First, an apology. I missed last week’s recap. I’m sorry. I don’t really have an excuse. I’m tempted to say that I was overly endowed with work, or at a yoga retreat, but one of the big reasons I became a writer was so that I could make my own schedule. So anyone who knows me wouldn’t believe it. Also, I’m pretty fat.
So, like no one in Game of Thrones ever would, please let bygones be bygones and let’s move on with the recap. Speaking of which, as far as I can tell, this recap business is a phenomenon that takes place entirely online. Vanity Fair, Rolling Stone and Bullett aren’t giving away valuable in-book space to recaps. So why aren’t they called “e-caps”? Just wondering.
This week, discord was everywhere. We begin in Riverrun, where Catelyn Stark and Rob have traveled, with a decent swath of his army, to “bury” her father. Except they don’t really bury him. They send him out on a pyre-boat which an archer lights from the shore by firing an arrow. The archer is a young lord, Edmure Tully of Riverrun, who keeps missing. Eventually, Catelyn’s uncle grabs the bow, hits the mark, and makes a really big deal out of it. Age and experience trump youth. Are you listening Robb Stark? Are you listening King Joffrey? Metaphor!
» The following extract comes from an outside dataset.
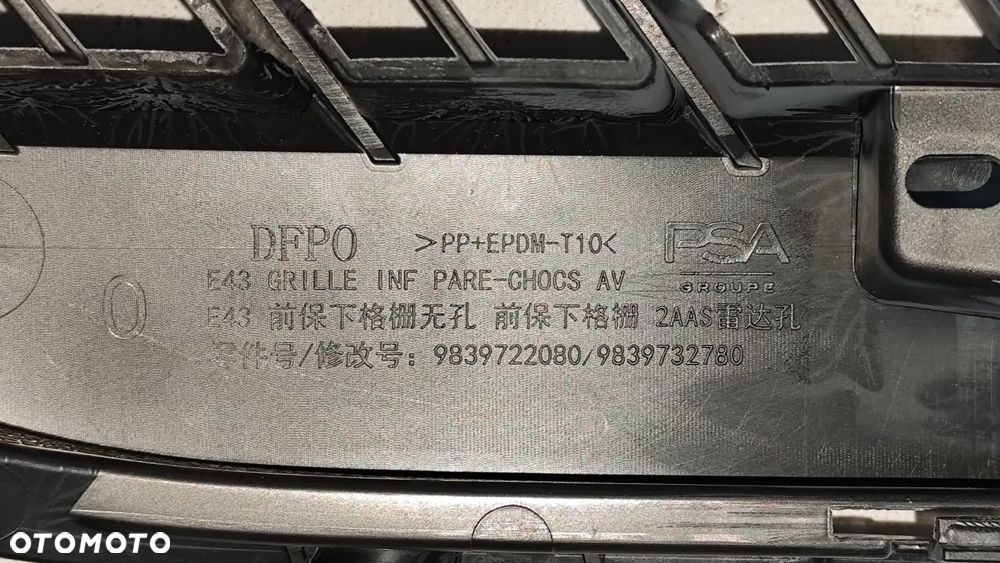 CITROEN C5 X 2021- NOWA KRATKA ZDERZAKA PRZEDNIEGO 9839722080 / 9839732780 - 10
Inside Lord Tully’s castle, the young lord—Brutus from Rome—is berated by Robb for chasing The Mountain—older brother to The Hound and Tywin Lannister’s night—away from where Robb could defeat them. Meta-discord: there’s some discord between Game of Thrones and Rome—the period drama which gave GoT the actors who play Edmure Tully and Mance Rayder. James Purefoy, who played Marc Anthony” on Rome told Empire Magazine that he wouldn’t do Game of Thrones even if they asked him because GoT stole their show.
It turns out Catelyn’s uncle hadn’t spoken to her father for years before he died. Family discord! She tells him of all the days she spent looking out her castle window, waiting for his return from war. Abandoned children—of all castes—are part of what gives GoT its fierce themes of independence and ambition. From Tyrion to John Snowe to Arya, young people, having to fight for themselves, being abandoned of some sort of parentage and having to make their own way, is what makes us believe in these characters: the discord in their hearts.
Speaking of Arya, she’s been identified to The Brotherhood Without Banners—a gang of freedom fighting environmentalists who spend a lot of time in the woods—as a Stark by The Hound, who they’ve also managed to capture. Arya’s traveling trio is broken up when Hot Pie, her fat friend, decides to stay behind and become a baker’s apprentice. Sad.
Way North of these woods, Mance Rayder et al come upon a decorative display of death featuring hundreds of decapitated horses, in a spiral. “Always the artists” moans Mance. Their riders, 300 crows, are whites now. Mance orders a contingent to take Castle Black, including John Snow, who he threatens to kill. Again.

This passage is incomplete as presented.